(WHAT TO PRODUCE):
Below is a listing; retype exactly the lines between the one containing "Goerg & Schneider" and the one containing "Suede heeled ankle", inclusive, minus the pictures.

++++ DATA FOR ANALYSIS

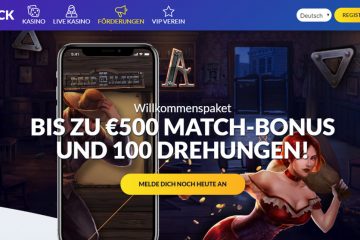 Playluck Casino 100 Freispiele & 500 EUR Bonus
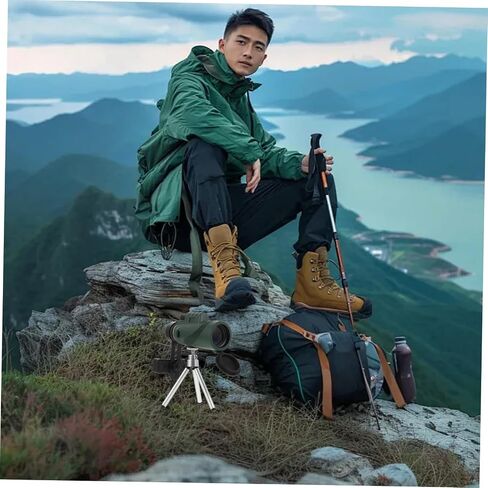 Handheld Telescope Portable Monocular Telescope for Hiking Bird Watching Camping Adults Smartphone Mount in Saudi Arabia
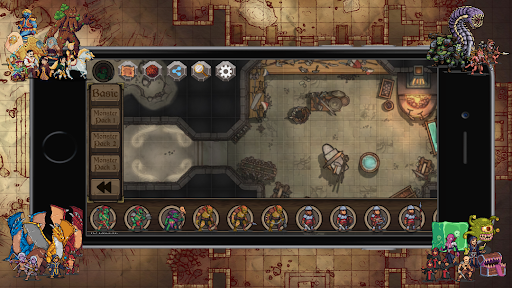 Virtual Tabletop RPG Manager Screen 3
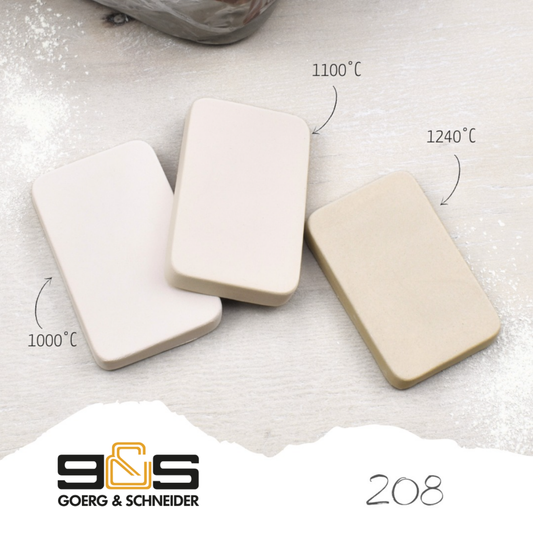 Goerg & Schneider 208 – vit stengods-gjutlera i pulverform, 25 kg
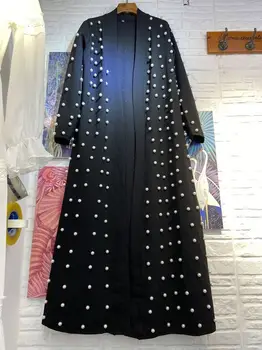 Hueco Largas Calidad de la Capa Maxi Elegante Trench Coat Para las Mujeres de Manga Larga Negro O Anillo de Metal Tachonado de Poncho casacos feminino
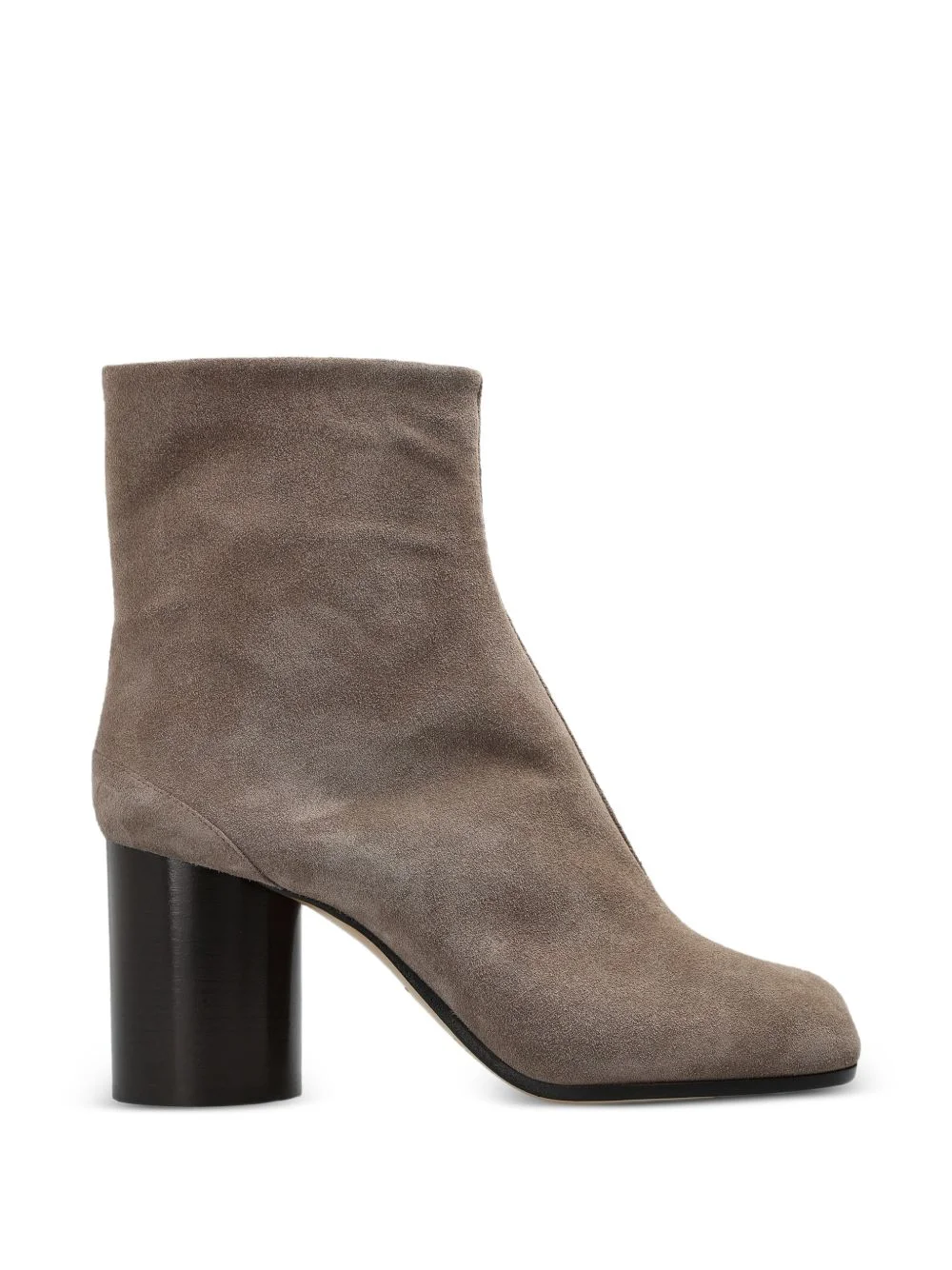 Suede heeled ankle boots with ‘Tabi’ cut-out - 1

++++++++
++++ DATA FOR ANALYSIS

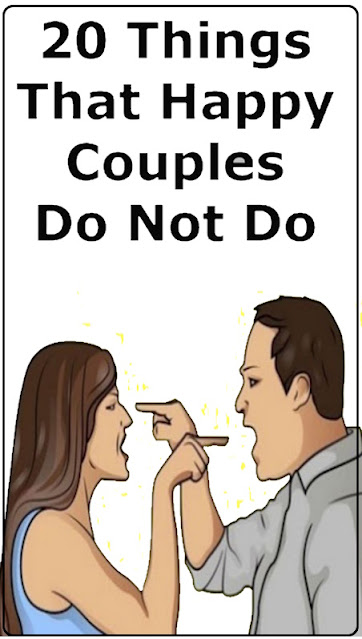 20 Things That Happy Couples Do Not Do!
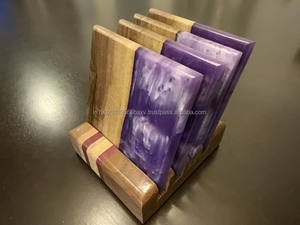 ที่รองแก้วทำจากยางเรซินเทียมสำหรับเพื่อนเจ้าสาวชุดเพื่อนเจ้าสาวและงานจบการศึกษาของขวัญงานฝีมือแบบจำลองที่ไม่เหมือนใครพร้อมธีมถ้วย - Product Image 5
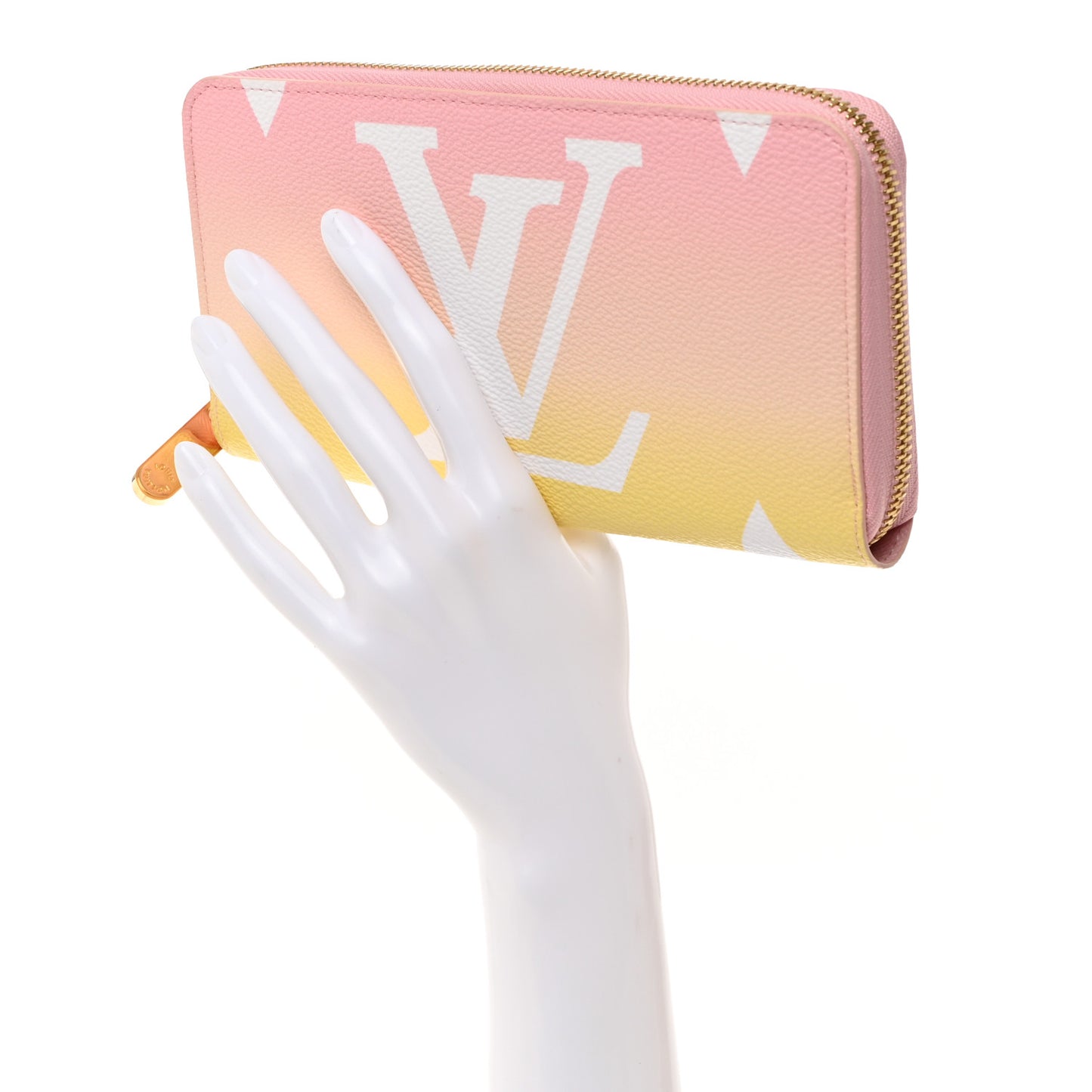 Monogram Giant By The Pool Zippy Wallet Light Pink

++++++++
++++ DATA FOR ANALYSIS

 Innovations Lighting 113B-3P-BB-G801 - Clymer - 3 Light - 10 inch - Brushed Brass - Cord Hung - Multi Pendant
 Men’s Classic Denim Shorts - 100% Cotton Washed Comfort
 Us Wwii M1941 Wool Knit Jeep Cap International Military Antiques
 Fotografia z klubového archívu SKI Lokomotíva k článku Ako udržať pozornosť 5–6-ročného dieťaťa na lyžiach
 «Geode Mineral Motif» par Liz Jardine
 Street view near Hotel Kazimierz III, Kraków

++++++++

(YOUR RESPONSE):
 Goerg & Schneider 208 – vit stengods-gjutlera i pulverform, 25 kg
 Hueco Largas Calidad de la Capa Maxi Elegante Trench Coat Para las Mujeres de Manga Larga Negro O Anillo de Metal Tachonado de Poncho casacos feminino
 Suede heeled ankle boots with ‘Tabi’ cut-out - 1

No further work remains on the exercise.